At the tourist spots, there were few tourists and sometimes none at all. There were those occasional Chinese, however. I saw many huge tour buses parked in a few places on the island, but I only encountered a couple of them on the road. I can imagine what it must be like trying to drive around the island in the high season with exponentially more rental cars and lots of those huge buses on the narrow roads. No thank you!
Sure, it’s not so
warm, and swimming was out of the question, but that’s fine for me. I prefer it
to be a bit warm but not hot; 15-18 degrees Celsius in the daytime is perfect.
I had lunch one day
in a tavern near the famous Red Beach, and for most of that time, I was the
only customer. There was a family there when I arrived (from Virginia), and we
chatted just a bit. But otherwise, I had the place to myself. Similarly, in the
restaurant at the hotel I stayed at, I was the only customer for breakfast or
dinner each day.
In the offseason, you get a better sense of how people really live. Locals are more open, and because they have fewer guests to deal with, they can take a little more time with you. And they do. I had some really interesting chats with the owners of the place I was staying at, Villa Michalis, and a few other places I stopped at.
At one little
beachside café, the host asked me where I was from, and when I told him I had
come from Ukraine, he started speaking Russian. He wanted to practice, and it
was sort of funny to have two people trying to communicate in quite poor
Russian. But at least for me it was enjoyable to speak Russian with someone who
made my level seemed pretty good by comparison.
Life on Santonini in
the offseason seems devoted largely to repairing and freshening up the
facilities in preparation for the tourist season. In many places I saw workers
renovating verandas and other structures that will be filled with tourists in
just a few short months. And not all of the restaurants and cafes were even
open. There was one Greek restaurant that I had read about and was looking
forward to trying, a place called “Salt and Pepper” in Fira, but it was closed
until April.
A popular, developed
island like Santorini is never going to give you that feeling of isolation and
quiet, but at least in the offseason you can find some quiet spots to get away
and find some peace. I suspect this simply is not true in the high season.
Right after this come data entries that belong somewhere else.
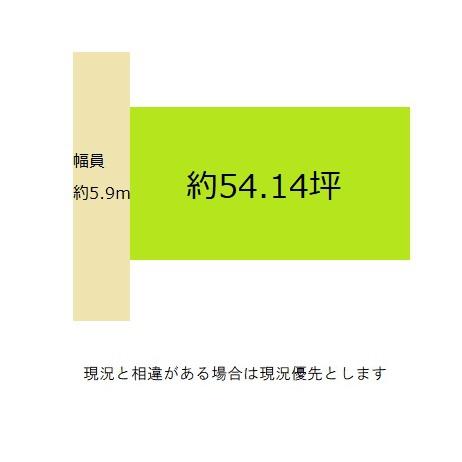 和歌山市鳴神の土地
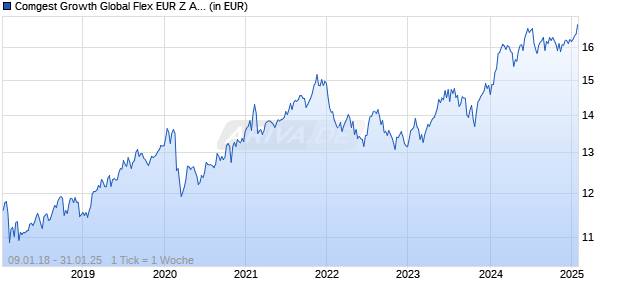 Comgest Growth Global Flex EUR Z Acc Chart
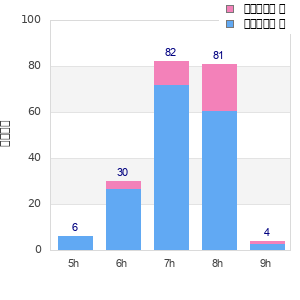 Performance distribution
The Sun Comes Up – The Sun Goes Down
Only on an island
can you catch the sunrise and sunset over the sea on the same day. Of the two,
the sunrise might be more inspiring You have to make the effort to get up early
if you want to catch it, and it’s the birth of a new day, the beginning of your
day, rather than the end.
Very often in
Colorado in the summer, we get gorgeous bursts of color as the sun drops down
behind the mountain peaks, and those are some of the most beautiful sunsets I
can recall. But when the sun sets into the sea or ocean, and there is just the
right combination of clear sky with just a few clouds toward the horizon, it is
magnificent.
I managed to catch a stunning sunset on my first evening. It was from a lighthouse on the southwest corner of the island. The next morning was completely cloudy, so I didn’t bother getting up for the sunrise, but I did go to a nearby beach on the southeast side for the next morning’s sunrise. It was a perfect sunrise, but my pictures came out much less than perfect for some reason. I was very disappointed. But I rectified that a few days later by catching a beautiful sunrise from my hotel balcony in the mainland port of Rafina.
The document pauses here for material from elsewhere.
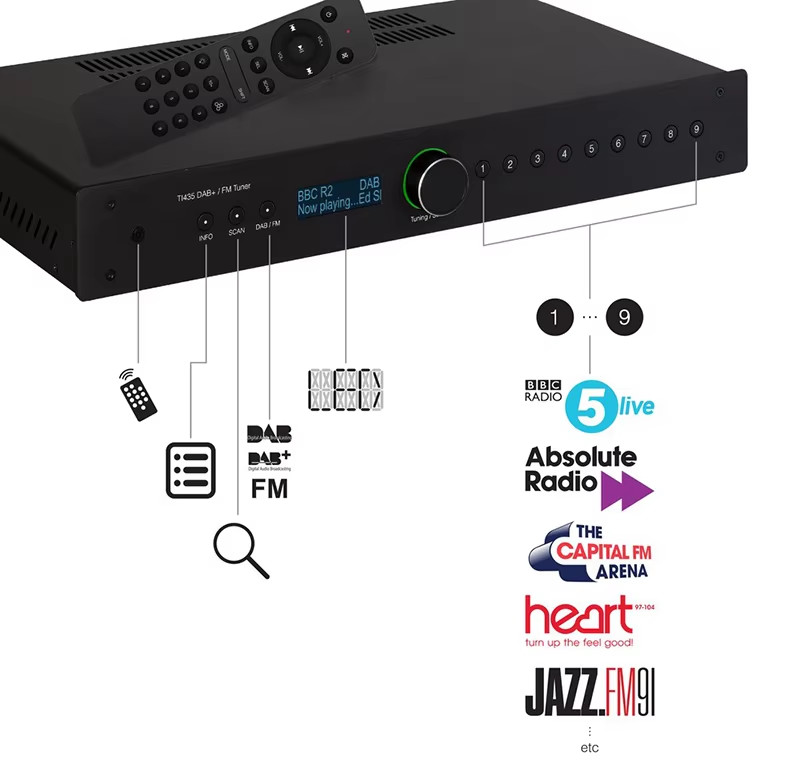 OEM HD Stereo AM FM Radio HIFI Component Synthesized Digital Tuner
Anata-wa Nihon-jin Desu Ka?
I mentioned earlier
about the rather abrasive Chinese tourists. In contrast, however, I was
delighted on a couple of occasions to run into some Japanese visitors. Of
course, I lived in Japan for six years, so I have a great appreciation for the
Japanese people, and I consider the Japanese language to be one of the world’s
more beautiful languages – much more so than Chinese.
On my last full day
on Santorini, I decided to have lunch in a little pizzeria, and I chose a table
by a window with a nice view of the caldera. Shortly after I sat down, two
girls came in and sat behind me. They seemed polite and were talking quietly
with each other. But after a few minutes, I realized they were speaking
Japanese.
After a while, I
decided to ask them – in Japanese – if they were from Japan. They were quite
surprised – and pleased – to hear someone speak to them in their own language,
and we had a brief conversation (in English, of course, because my Japanese is
far worse even than my Russian). Then I left them to enjoy their lunch
together, but made a point to say goodbye and wish them well in Japanese when I
left.
To add to the
Japan-related coincidences, the person sitting next to me on my return flight
from Santorini to Athens was a young guy from Japan. We had a very nice
conversation during the short flight (in English).
The Joy of Driving
One of the things I
enjoyed most about my time on the island was driving around. I rented a small
Peugeot to get around and enjoyed it a lot. It was a very simple car without
all the bells and whistles that my rentals in Portugal or the UK had, but on a
tiny island where no place is more than a 40-minute drive from anyplace else, you
don’t need a GPS or advanced audio system.
Driving is one ofthe greatest joys of my life, but in Ukraine, I don’t drive at all. So for the
past 10 years or so, the only chances to drive have been when I’ve been on
vacation, and during my UK vacation in July I left most of the driving to my
daughter. So it was a real pleasure to be behind the wheel, especially in a
place where there was almost no traffic and no stress.
Not Really My Kind of Place
I enjoyed my four
short days on Santorini, but it’s not a place I would pine to return to. It’s
an arid island, as are most of the islands in the Aegean, I guess, which just
makes it less attractive. And it’s quite developed, meaning there are not so
many places where you can just get away from people and enjoy a natural
environment. I managed to find a few spots, but during the high season, I
imagine that even these would have tourists swarming about.
My favorite island
getaway, thus far, remains Sao Miguel. It’s one place I might like to return to
someday, and it would be interesting to check out some of the smaller islands
in the Azores. Although Sao Miguel does get a fair amount of tourists in the
high season, you can still find plenty of lush, beautiful places. I imagine
that the other islands would also be very green, but with fewer people.
Santorini, on the other hand, seems like the kind of place that is never really
lush or green.
Still, Santorini is
a nice place, and I really liked the people. For those who like warm water,
sunny beaches, good food, and some ancient history, it can be a great
destination – as long as you don’t mind sharing with a few thousand other
tourists in the high season.
But I won’t be going
back. It’s time to start thinking about a totally different summer vacation.